The two ½-year-old civil actions by Paradise Canyon against the VVWD seeks to halt the District’s restrictive pricing practices by the Virgin Valley Water Board (VVWB). Jeffrey R. Sylvester, Attorney for Paradise Canyon (Wolf Creek), argues that raising Wolf Creeks irrigation rates from $250 per share to $1,246 per share (500 %) violated the good faith and dealing provisions required by Nevada contract law. He also argues that setting a market rate requires the water board to act reasonably.

Bingham for the VVWB wants the court and eventually a Jury to believe that the VVWB has absolute authority to set water rates.

In earlier hearings, Judge Timothy Williams pointed out that the water district is a political subdivision of the State of Nevada and had to act both in good faith and without being arbitrary and capricious. They do not have a right to do whatever they want, the Judge said.

The effluent issue

Bingham wants to avoid the arbitrary and capricious nature of pricing. So, he claims that Wolf Creek owners violated their irrigation contract by not using City managed effluent before leasing Virgin River irrigation water shares from the VVWB.

The contract with the water board requires the golf course owners to use effluent before using irrigation water. However, effluent is managed and delivered by the City, not the VVWD.  According to William J. Tanner, former Mesquite Director of Public Works[i], the City is unable to provide effluent to the Golf Course 365 days a year, primarily during the summer months when the Golf Course most needs irrigation water. Tanner does say the City might be able to mix effluent with some of the 15 Virgin River water shares it holds to meet their demand.
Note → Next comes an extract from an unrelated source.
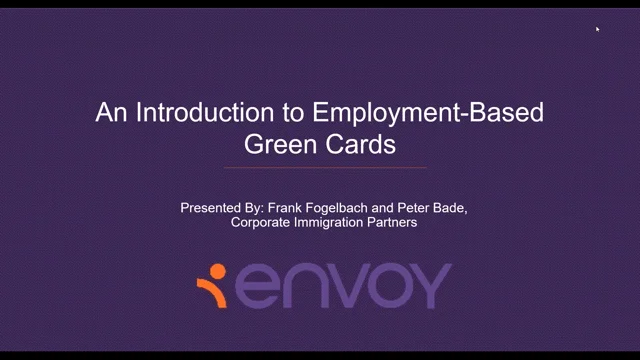 U.S. EB2 Green Card Providers  Get U.S. Employment-Based Green Card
While Bingham argued that Wolf Creek owners should have told the VVWB that they were not using effluent, Tanner says that he never notified Wolf Creek that the City had effluent available for use after 2011.[ii]

Effluent requires a fully developed infrastructure to pump that source to the golf course. That infrastructure appears incomplete. Tanner notes[iii] that he has never written a default notice to the owners of Wolf Creek while the parties deal with constructing an expensive infrastructure.

Clifford Gravett, an attorney with Bingham, Snow, and Caldwell, in a June 11, 2019 deposition,[iv] said that, while the VVWD contemplated effluent use, there was no expressed condition to do so.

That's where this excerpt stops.